A pseudoknot secondary-structure model has been suggested for the catalytic domain (ribozyme) of HDV RNA. We conducted extensive mutational analyses of regions of the HDV ribozyme predicted in this model to be single stranded, and found that several of them are important for catalytic activity. We used these data, sequence comparisons between different isolates and previously published structural analyses to produce a computer graphic model of the three-dimensional architecture of the HDV ribozyme.

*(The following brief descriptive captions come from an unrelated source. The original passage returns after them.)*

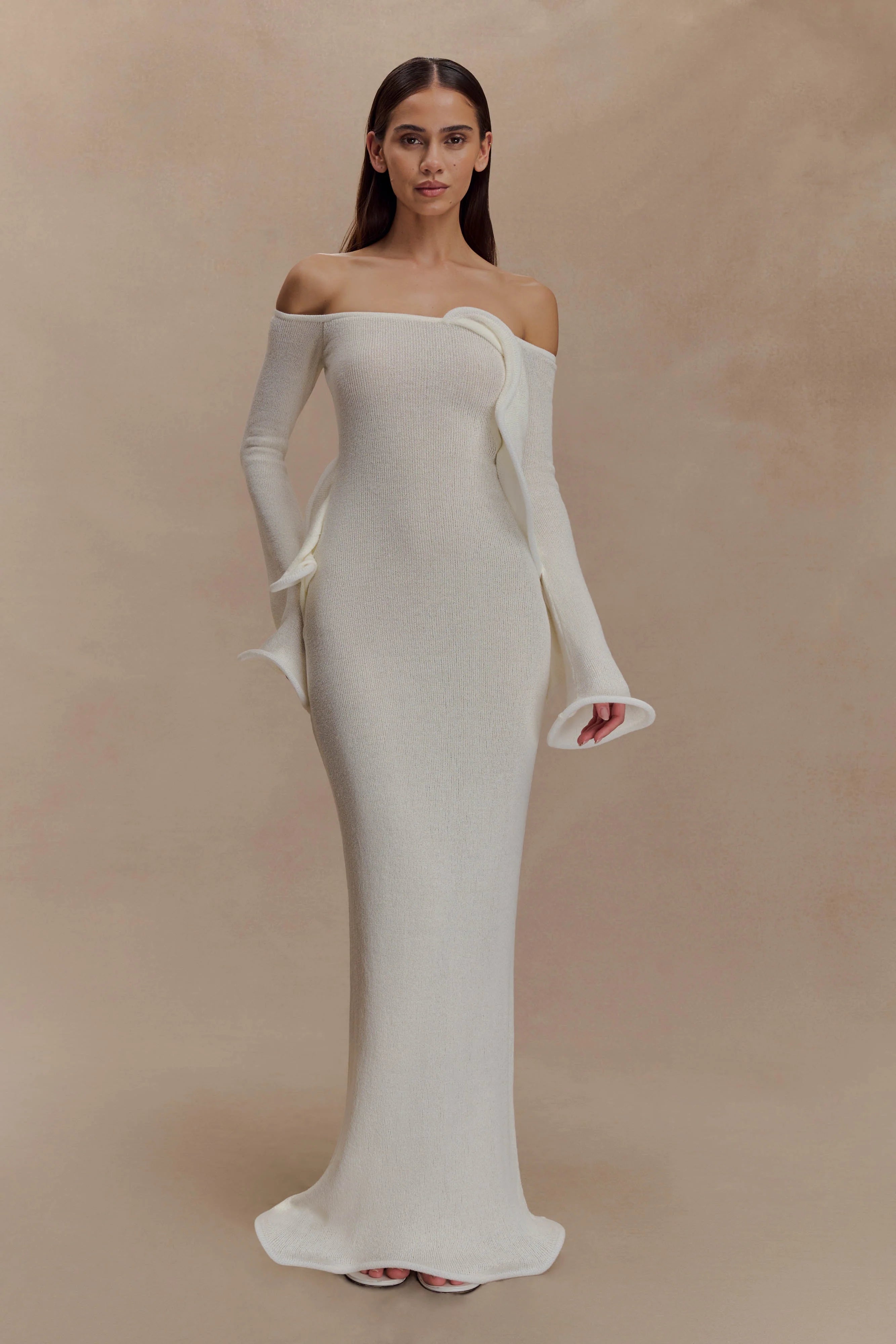 Sandrine Off Shoulder Knit Maxi Dress - White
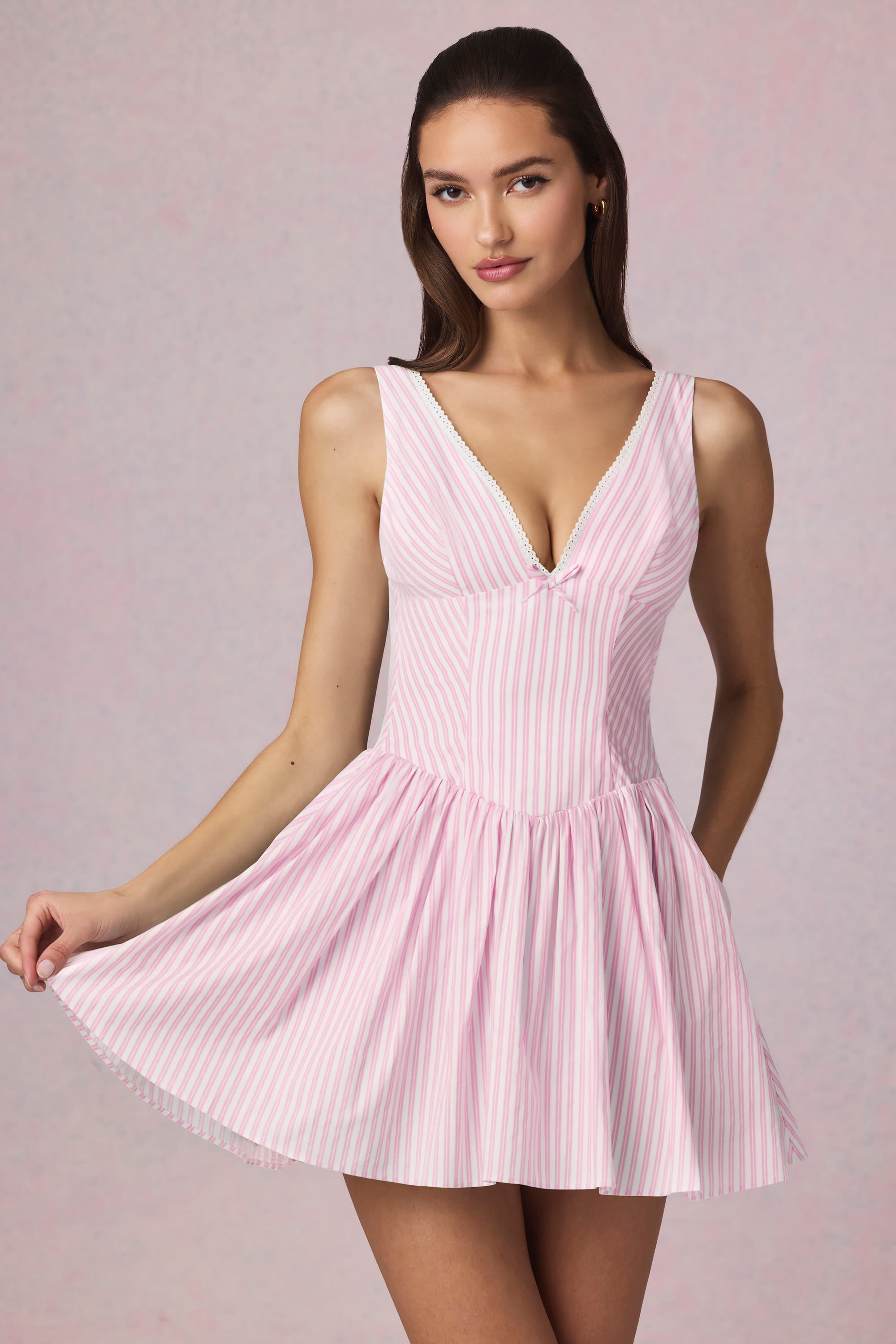Oh Polly Dresses 14401 mini robe trapèze mauve Soft Mauve Stripe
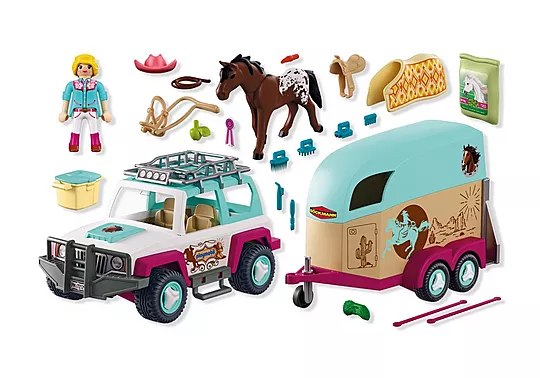 PlayMobil Terreinwagen met paardentrailer 72129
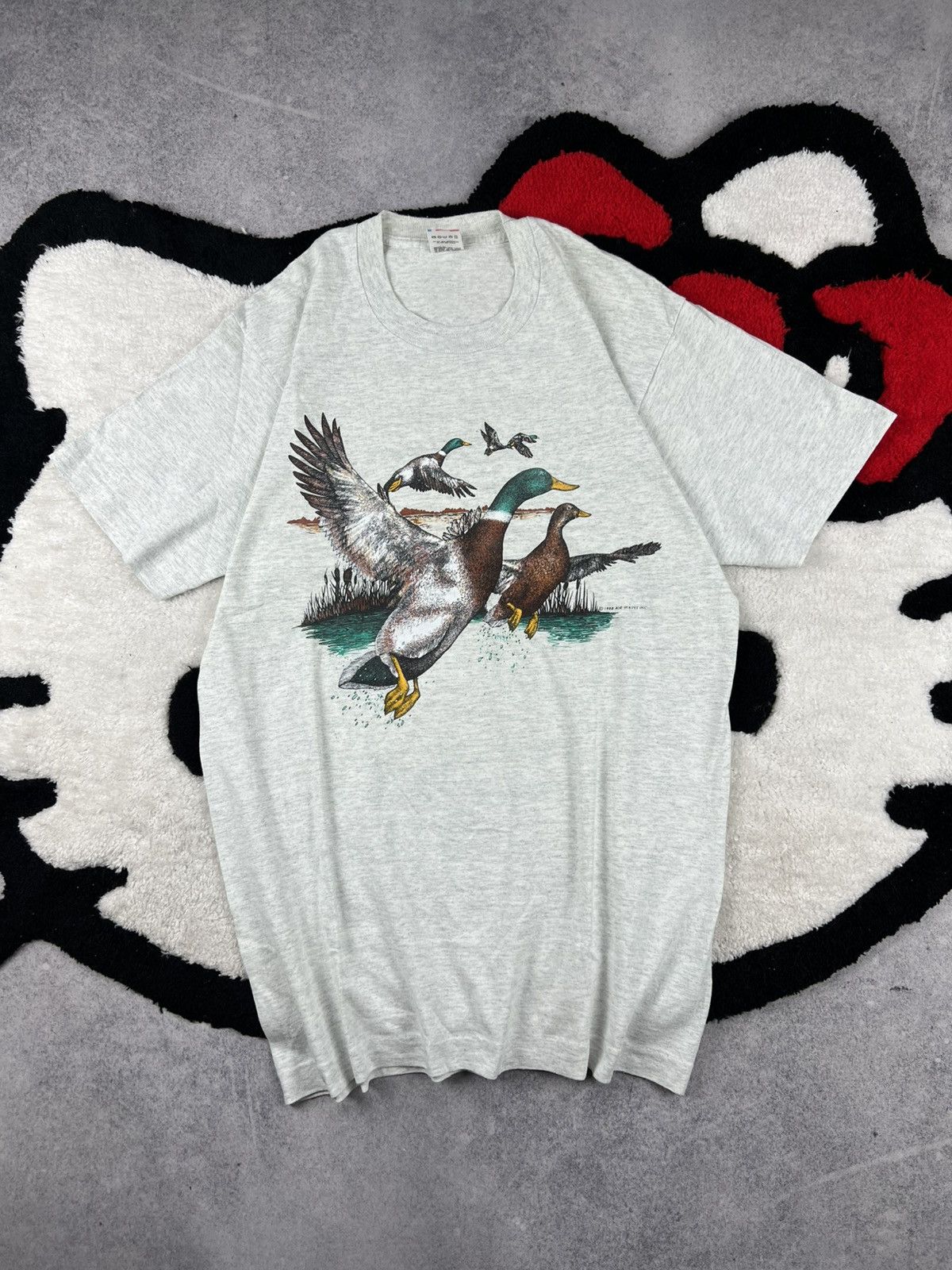 Fruit Of The Loom USA Nature Air Waves 1988 Birds Ducks Vintage Tee Shirt Size US L / EU 52-54 / 3 - 1 Thumbnail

Our model supports the pseudoknotted structure and rationalizes several observations relating to the lengths of the various stems and the sequence requirements of the single-stranded regions. It also provides insight into the catalytic mechanism of the HDV ribozyme. We specifically propose that residues C75, U20 and C21 form the basis of the catalytic region and are close to the cleavable phosphate.